[Your goal] Reproduce each record below exactly as written.

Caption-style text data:
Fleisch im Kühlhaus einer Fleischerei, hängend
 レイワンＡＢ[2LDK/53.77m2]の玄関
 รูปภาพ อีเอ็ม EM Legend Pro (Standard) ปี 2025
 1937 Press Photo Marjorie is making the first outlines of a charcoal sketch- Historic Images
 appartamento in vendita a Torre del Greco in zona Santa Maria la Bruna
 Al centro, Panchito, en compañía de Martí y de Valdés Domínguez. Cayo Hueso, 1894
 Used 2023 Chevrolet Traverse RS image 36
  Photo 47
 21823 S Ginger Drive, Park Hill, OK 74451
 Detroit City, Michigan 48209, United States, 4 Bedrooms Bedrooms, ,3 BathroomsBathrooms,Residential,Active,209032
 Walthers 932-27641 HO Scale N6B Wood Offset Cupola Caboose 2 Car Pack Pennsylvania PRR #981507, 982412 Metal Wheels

[Response area]
Fleisch im Kühlhaus einer Fleischerei, hängend
 レイワンＡＢ[2LDK/53.77m2]の玄関
 รูปภาพ อีเอ็ม EM Legend Pro (Standard) ปี 2025
 1937 Press Photo Marjorie is making the first outlines of a charcoal sketch- Historic Images
 appartamento in vendita a Torre del Greco in zona Santa Maria la Bruna
 Al centro, Panchito, en compañía de Martí y de Valdés Domínguez. Cayo Hueso, 1894
 Used 2023 Chevrolet Traverse RS image 36
  Photo 47
 21823 S Ginger Drive, Park Hill, OK 74451
 Detroit City, Michigan 48209, United States, 4 Bedrooms Bedrooms, ,3 BathroomsBathrooms,Residential,Active,209032
 Walthers 932-27641 HO Scale N6B Wood Offset Cupola Caboose 2 Car Pack Pennsylvania PRR #981507, 982412 Metal Wheels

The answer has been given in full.